■ DATA LISTING
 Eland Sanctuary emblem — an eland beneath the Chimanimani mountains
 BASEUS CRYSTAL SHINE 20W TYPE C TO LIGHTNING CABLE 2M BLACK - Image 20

==

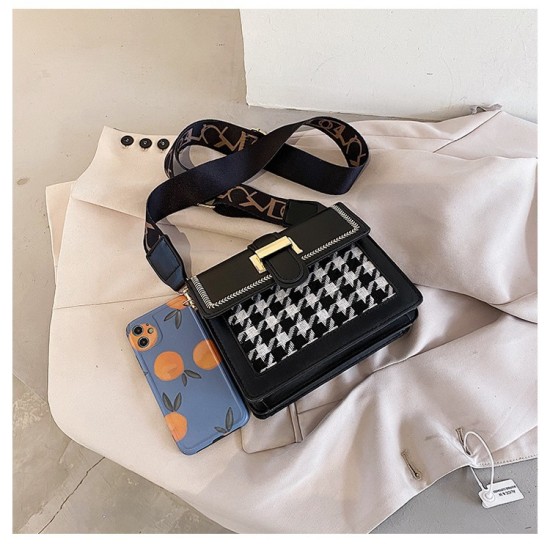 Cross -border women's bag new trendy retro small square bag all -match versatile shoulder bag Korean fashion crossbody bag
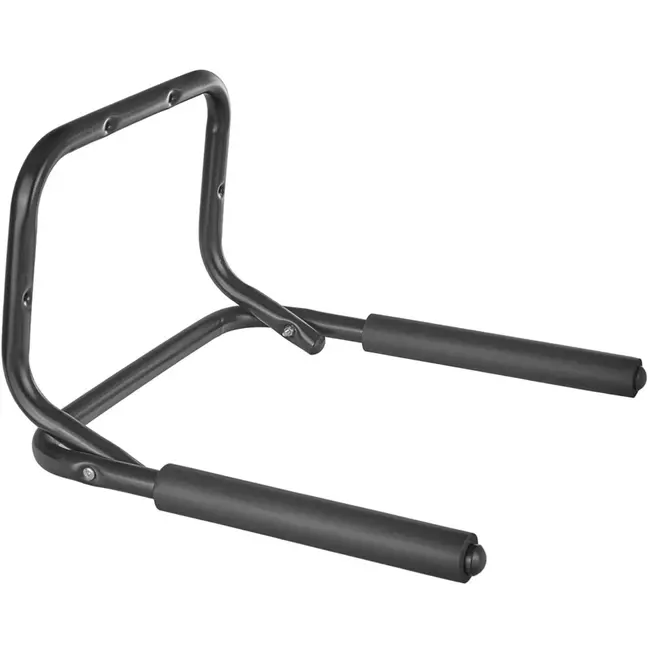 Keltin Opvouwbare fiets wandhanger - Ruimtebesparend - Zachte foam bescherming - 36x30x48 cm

■ TASK DETAILS
In the material above, find the line containing "Eland Sanctuary emblem" and the line containing "BASEUS CRYSTAL SHINE", then write out exactly those two lines and every line between them, and nothing more.

■ RESPONSE BOX
 Eland Sanctuary emblem — an eland beneath the Chimanimani mountains
 BASEUS CRYSTAL SHINE 20W TYPE C TO LIGHTNING CABLE 2M BLACK - Image 20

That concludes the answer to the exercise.